Patry has masterfully spun a seamless tale that had me hooked. The trouble is, it's such a finely balanced, finely tuned plot, I feel that I can't really say much more about it for fear of saying too much - and even that may be saying too much.
I only know that from now on, every time I look at it sitting on the bookshelf, I will remember the two summer days I spent reading it, engrossed, reading it out on our deck until the sun slipped down behind the trees.
I was walking back from shopping the other day and spied this leaf (as is - I haven't doctored it or changed it at all) lying on the footpath. Maybe its horrified expression is due to the fact that autumn is due here in a week's time.
I'd walked quite a way past this horrified leaf before I realised what it was I'd just seen. I was tempted just to keep walking on, but either the child in me, or my very strong gatherer instincts (I can't come away from a beach or river without a stone, a shell, beach glass, some grasses or a piece of driftwood ...) won out and I turned back to go look for it.
The exclamation mark has got to be my favourite punctuation mark. Those of you who have known me the longest will know this is so! I don't know why - I think maybe it has such an appropriate shape. You can't help but be startled by it's sudden appearance!
Music That's Out Of This World
I'm reading the first book in a trilogy called 'Durdane' by the science fiction writer Jack Vance. He's a gifted, poetic writer who knows his physics inside out, but doesn't dazzle me with it, rather he simply, with fine writing and an almost laconic voice, effortlessly persuades me to believe in an otherworld that seems perfectly reasonable, perfectly imagined, perfectly appealing. The stories have solid, sound plots about good versus evil and quests to avenge or put to rights a wrong. Vance has a secretive sense of humour - the funny bits almost, but not quite, sneak by me. And I like that. This is the third Vance book I've read. The protagonists seem to be in the main quiet, determined, brave types, usually cynical. or at least suspicious, and usually reluctantly caught up in something that's beyond them. They seek a quiet life, but find that before they can get on with it, there's something they have to do. They are usually young males - with a sensitive, artistic side to them and who love and protect their mothers. (Well, the one I am reading about at the moment does anyway, which of course endears him to me.) Apart from saving his mother, he is also a musician. Here is a passage I was taken with: "Become a musician and make a living complaining of your woe; but remember: complain of your own woe! Don't complain of the faceless man! ... What's that you're playing now?"

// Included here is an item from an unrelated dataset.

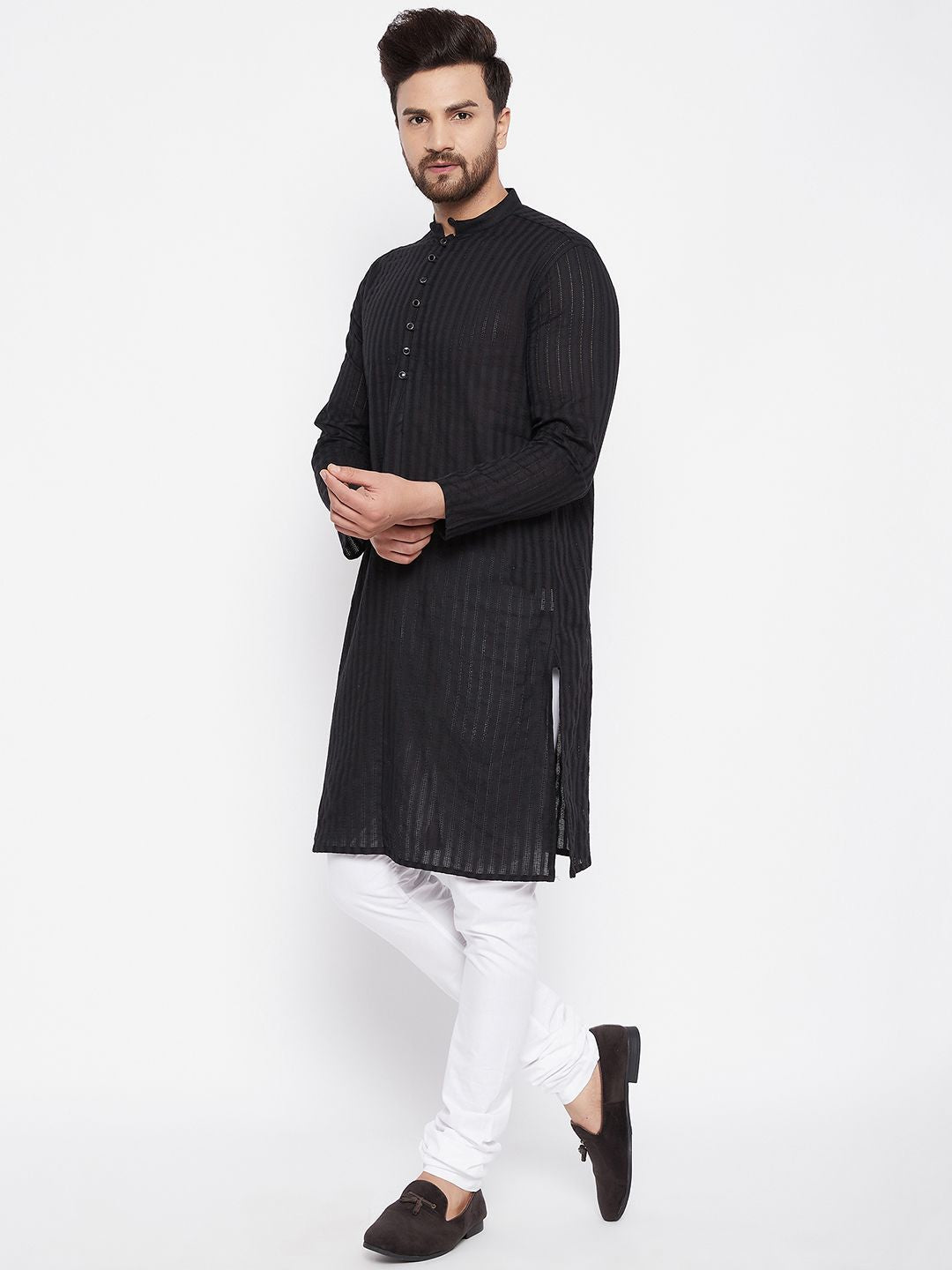 Men's Cotton Black Straight Kurta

Ertzwane, having strung the khitane, had touched forth a few chords. He said, "Nothing in particular. I don't know too many tunes. Only what I learned from the musicians who came along the road."
"Halt, halt, halt!" cried Frolitz covering his ears. "What are these strange noises, these original discords?"

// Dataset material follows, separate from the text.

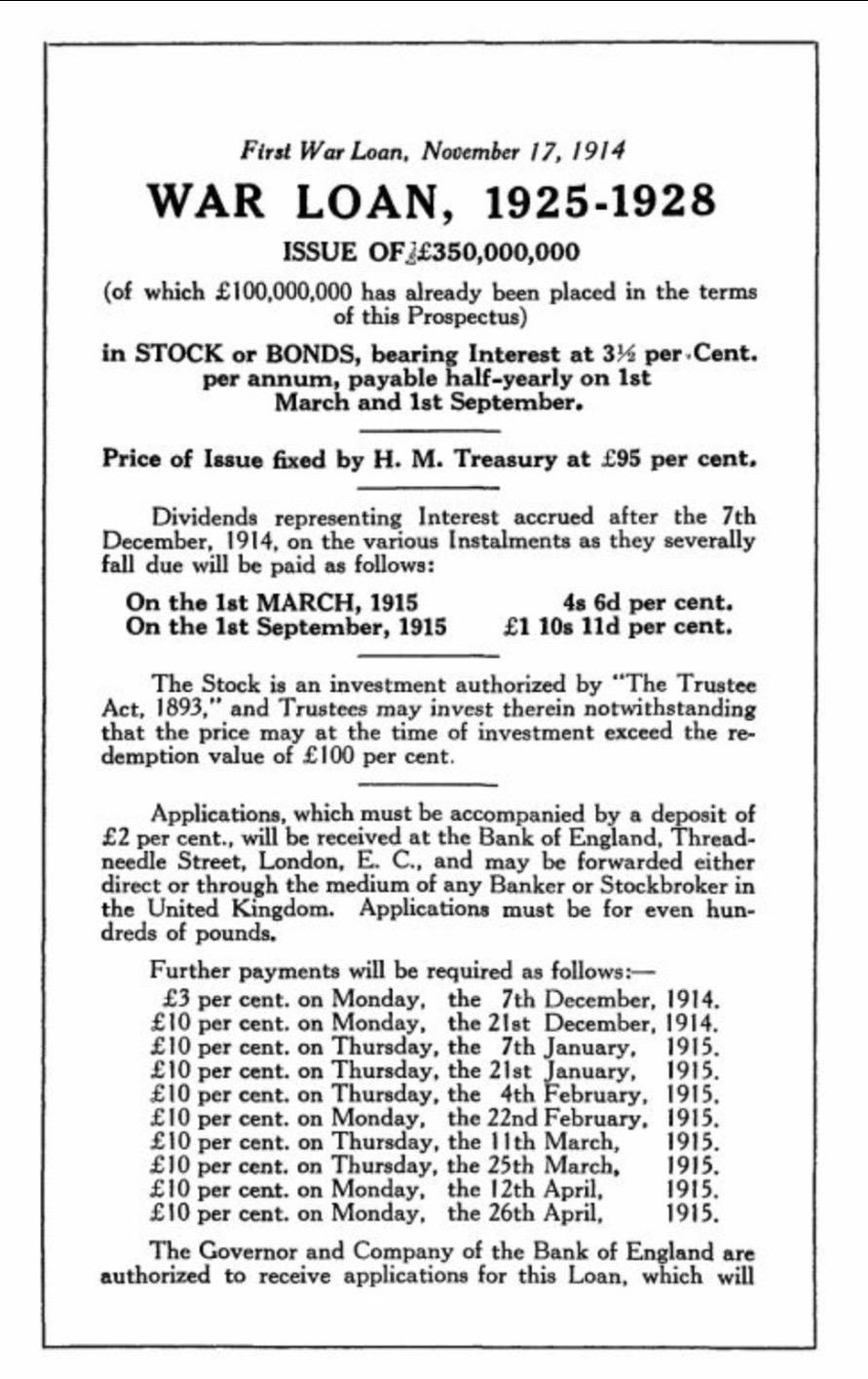Ww1 loan document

Etzwane licked his lips. "Sir it is a melody of my own contriving."
"But this is impertinence! You consider the standard works beneath your dignity? ... You tell me now that I have wasted my time, that henceforth I must attend only to the outpourings of your natural genius?"

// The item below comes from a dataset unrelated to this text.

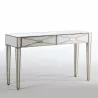 Console 2 tiroirs 133x40x78 Miroir Verre Blanc MDF Doré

Etzwane at last was able to insert a disclaimer. "No, no, sir, by no means! I have never been able to hear the famous works; I was forced to play tunes I thought up myself."
"Well, so long as it doesn't become an obsession ..."
It reminds me of the friend from whom I've borrowed the book and his inclination to start up a music group.
The Smell Of Fermented Plums
As I sit out in the sun, I see dark-red plums scurry across in front of me like dark mice. The birds are picking at our neighbour's plum tree. The defaced, picked-at plums bump and roll across our driveway, to line up like wounded soldiers along the gutter among the golden drifts of silver-birch casts. In the air there's a strong smell of the plums fermenting in the sun. It is a smell straight from my childhood in Orepuki - from Harry Finn's orchard and huge, Black Doris plums you could lose yourself in.
Wax-eyes and starlings are the keenest for the plums in our neighbour's tree. Occasionally a kereru joins them. The sound of the birds is secretive. Furtive, complicit rummages behind closed doors. There's some conspiracy afoot. Political goings-on - a closeted meeting just before a leak to the press.